More about HKUST
Efficient and Accessible Systems for Machine Learning: From Clusters to Jobs
PhD Thesis Proposal Defence
Title: "Efficient and Accessible Systems for Machine Learning: From Clusters
to Jobs"
by
Mr. Kaiqiang XU
Abstract:
Large-scale machine learning (ML) computing for AI involves highly
distributed, parallelized workloads with intricate patterns. Efficiently
managing and executing these workloads using existing computing abstractions
and mechanisms presents significant challenges to underlying systems. To
address these complexities and optimize performance, specialized ML systems
are designed to meet the unique demands of ML computing.
This paper explores my research in ML systems from two key perspectives:
cluster-level multi-job orchestration and individual job efficiency.
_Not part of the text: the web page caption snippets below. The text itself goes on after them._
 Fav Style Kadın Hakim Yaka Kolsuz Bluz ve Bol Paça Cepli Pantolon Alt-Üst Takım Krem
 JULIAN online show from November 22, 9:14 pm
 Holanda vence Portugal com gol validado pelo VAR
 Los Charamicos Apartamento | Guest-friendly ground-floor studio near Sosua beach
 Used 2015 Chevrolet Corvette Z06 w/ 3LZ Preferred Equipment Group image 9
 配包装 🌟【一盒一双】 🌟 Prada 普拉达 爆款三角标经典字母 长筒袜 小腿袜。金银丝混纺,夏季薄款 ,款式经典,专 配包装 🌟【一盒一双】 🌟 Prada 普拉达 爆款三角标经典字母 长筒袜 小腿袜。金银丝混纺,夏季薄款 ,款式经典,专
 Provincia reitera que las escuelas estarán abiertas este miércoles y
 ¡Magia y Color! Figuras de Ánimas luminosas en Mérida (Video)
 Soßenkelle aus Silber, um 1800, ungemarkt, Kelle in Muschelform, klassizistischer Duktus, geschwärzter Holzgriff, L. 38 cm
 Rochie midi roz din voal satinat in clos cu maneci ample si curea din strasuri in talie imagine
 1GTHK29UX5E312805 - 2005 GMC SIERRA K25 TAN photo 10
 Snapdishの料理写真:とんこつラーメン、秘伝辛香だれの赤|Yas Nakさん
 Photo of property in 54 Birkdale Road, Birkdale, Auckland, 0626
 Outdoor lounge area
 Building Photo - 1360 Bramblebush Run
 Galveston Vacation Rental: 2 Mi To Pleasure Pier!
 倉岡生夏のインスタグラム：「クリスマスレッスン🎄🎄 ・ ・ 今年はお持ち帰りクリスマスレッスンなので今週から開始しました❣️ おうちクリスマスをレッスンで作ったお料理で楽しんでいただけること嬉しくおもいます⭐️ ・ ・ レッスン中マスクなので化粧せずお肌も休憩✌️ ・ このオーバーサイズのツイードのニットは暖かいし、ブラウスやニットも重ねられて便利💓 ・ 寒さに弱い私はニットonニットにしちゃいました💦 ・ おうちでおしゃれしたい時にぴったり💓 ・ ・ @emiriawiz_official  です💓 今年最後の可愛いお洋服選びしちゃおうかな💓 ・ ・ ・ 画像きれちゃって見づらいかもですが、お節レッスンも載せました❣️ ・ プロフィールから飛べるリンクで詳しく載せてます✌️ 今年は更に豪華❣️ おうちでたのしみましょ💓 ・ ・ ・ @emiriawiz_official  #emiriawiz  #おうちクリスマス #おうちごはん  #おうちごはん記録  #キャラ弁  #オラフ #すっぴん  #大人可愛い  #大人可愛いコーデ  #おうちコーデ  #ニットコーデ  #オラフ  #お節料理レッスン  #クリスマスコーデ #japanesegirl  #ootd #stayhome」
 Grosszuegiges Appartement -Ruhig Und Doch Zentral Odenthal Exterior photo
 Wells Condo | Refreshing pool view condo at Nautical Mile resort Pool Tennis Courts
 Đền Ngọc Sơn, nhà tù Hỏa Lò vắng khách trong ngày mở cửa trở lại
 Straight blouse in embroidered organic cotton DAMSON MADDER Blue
At the
cluster-level, SING introduces a full-stack GPU cluster management
architecture that optimizes ML job scheduling and execution in shared
multi-tenant environments, enhancing usability and fairness while mitigating
resource underutilization. Complementing this, GREEN presents a
carbon-efficient ML cluster scheduler that dynamically aligns workloads with
greener energy periods, effectively balancing job completion times and carbon
emissions without compromising cluster-wide performance. At the individual
job level, Sequoia optimizes secure distributed data processing for ML with
an extensible compiler framework, and efficiently schedules execution across
data owners, reducing both programming complexity and execution time.
Meanwhile, G3 introduces a scalable distributed system for graph neural
network training, employing hybrid parallelism, locality-aware partitioning,
and multi-level pipeline to enable efficient full-graph training on
billion-edge graphs.
The new abstractions, parallelization strategies, and resource scheduling
algorithms introduced in this dissertation address the increasing complexity
of ML workloads and the constraints of existing infrastructure. By improving
the efficiency and accessibility of ML systems, this research lay a
foundation for the wider adoption of AI technologies.
Date: Monday, 9 December 2024
Time: 2:00pm - 4:00pm
Venue: Room 3494
Lifts 25/26
Committee Members: Prof. Kai Chen (Supervisor)
Prof. Qiong Luo (Chairperson)
Dr. Yangqiu Song
Dr. Binhang Yuan